Items from a dataset:

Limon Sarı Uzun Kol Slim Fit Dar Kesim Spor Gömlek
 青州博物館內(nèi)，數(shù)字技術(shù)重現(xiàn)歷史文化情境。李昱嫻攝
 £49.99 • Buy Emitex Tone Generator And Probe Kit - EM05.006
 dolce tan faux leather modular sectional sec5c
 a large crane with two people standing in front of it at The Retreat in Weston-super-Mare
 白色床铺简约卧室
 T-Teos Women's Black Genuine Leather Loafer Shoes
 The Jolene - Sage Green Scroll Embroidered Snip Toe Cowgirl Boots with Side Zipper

PROBLEM REQUIREMENTS.
Wherever the string "with" is found in the entries, copy the line it sits in.

RESULT FOR THIS EXERCISE.
 a large crane with two people standing in front of it at The Retreat in Weston-super-Mare
 The Jolene - Sage Green Scroll Embroidered Snip Toe Cowgirl Boots with Side Zipper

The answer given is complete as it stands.